Dear all,

The HPS Philosophy Workshop provides a friendly and supportive setting for
graduate students and postdocs to get feedback on their work-in-progress
from their peers. Texts are circulated one week in advance and discussed
over tea and biscuits in Seminar Room 1 on alternate Wednesdays, 5-6pm.

We continue next Wednesday with Stephen Irish (PhD student in HPS) on 
"Brodie's Calculus and Chemical Classification". The abstract is below; 
please contact me if you'd like to receive a PDF of the paper.

Best wishes,
Vashka

--

Sir Benjamin Collins Brodie's Calculus of Chemical Operations (1866, 1877) 
proposed a new way of representing chemical substances and operations using 
the language of symbolic algebra. It claimed independence of any 
ontological commitment, particularly as regards the reality of atoms and 
molecules.
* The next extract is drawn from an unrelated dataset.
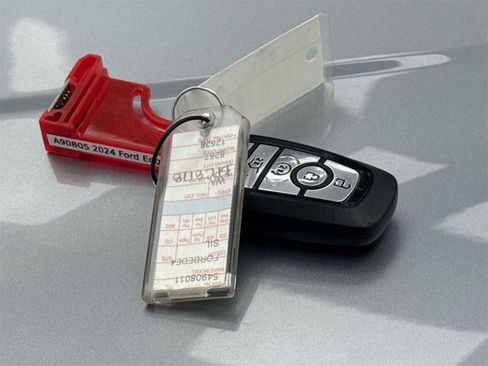 Used 2024 Ford Edge Titanium image 42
It has been of interest to historians and to those interested in 
nineteenth-century debates about the atomic theory. This paper revisits 
Brodie's epistemology, challenging the received view that Brodie's was 
primarily a philosophic project. It will propose a new interpretation of 
the Calculus, based upon an examination of Brodie's previous work as a 
chemist. It will be argued that a central goal of the Calculus was to 
justify a new theory of the elements, and that Brodie hoped to use this to 
ground a classification scheme that could embrace all chemical substances.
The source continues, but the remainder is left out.